JOCによると、怪我や病気などを除き、選手団の認定を受けた後に取り消しとなった事例は記録に残っておらず、不祥事に取り消しは初とみられる。日本選手団にとっても異例の事態となった。
宮田は6月末から7月にかけて、都内某所でのプライベートの場での喫煙行為が1度、また同時期にナショナルトレーニングセンターの選手宿舎内で飲酒行為があったとし、日本体操協会の西村専務理事は「JOC国際総合競技大会派遣規定、日本協会の行動規範に反する事実が確認した。本人と話し合った結果、オリンピックへの出場辞退に至ったことを報告します。今後、JOCへの参加辞退への申し入れを行います」とした。

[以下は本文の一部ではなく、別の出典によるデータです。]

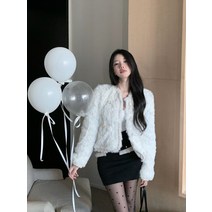 여성 에코 퍼 자켓 숏 하프 반 코트 인조 양털 시어링 페이크 밍크 모피 털 아우터 SY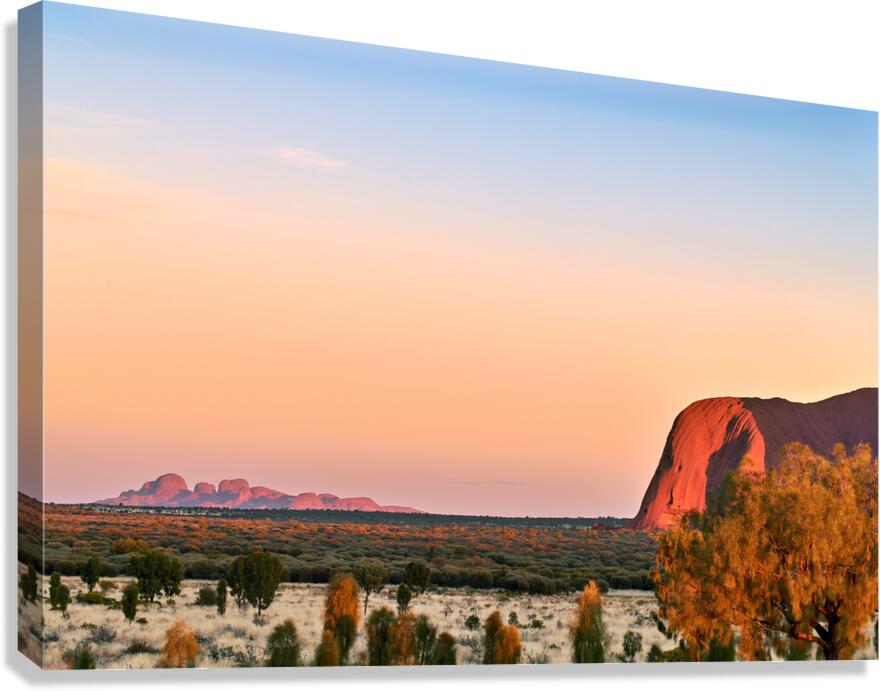 Uluru and Kata Tjuta at sunset Australia.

最終的には合意の上での辞退とはいえ、聞き取りのために帰国をさせる形となっており事実上の代表はく奪といえる。ただ、一方で他の競技団体では同様の事例で厳重注意。試合出場停止などの処分がなかった件もあり、SNS上では有識者も含め、賛否が分かれる事態となっている。
五輪本大会ではないながら、5月にはスケートボードでパリ五輪予選シリーズに出場した20歳未満の日本の4選手(男女各2人)が現地で飲酒していたことが発覚。厳重注意、口頭での注意などの処分を受けたが、4選手とも五輪代表が決定する6月の五輪予選シリーズ(ブダベスト)には予定通り出場。選手名も公表されていない。
JOCは「選手団はそれぞれの競技団体から推薦の形となっている。各競技団体が私どもの規程なり、編成方針を把握されていますので」と推薦する競技団体の判断に重きを置いていることを強調。体操協会は会見で今回の辞退に至った要因としてJOCの国際大会派遣規程に反したことを挙げていたが、推薦取り消し判断理由は体操協会の行動規範違反のみに限定された。JOC側は「体操協会の判断を尊重する」とした。
体操は日本が誇るお家芸競技の1つで、パリ大会でも男子では複数の金メダル獲得が期待されている。同協会の「日本代表選手・役員の行動規範」では、「『体操ニッポン』という称号は長い栄光の歴史の中で、先人たちの競技成績だけでなく行動により培われたものである。一部の選手や役員の行動により、先人たちが築き上げた栄光の歴史を汚す行為は決して許されない」と記されており、行動規範には「日本代表チームとしての活動の場所においては、20歳以上であっても原則的に喫煙は禁止する」、「日本代表チームとしての活動の場所においては、20歳以上であっても飲酒は禁止とする」とある。喫煙、飲酒に対して20歳を超えてまで原則禁止としている競技団体はなく、重い歴史と伝統が厳しい判断を強いたとみられる。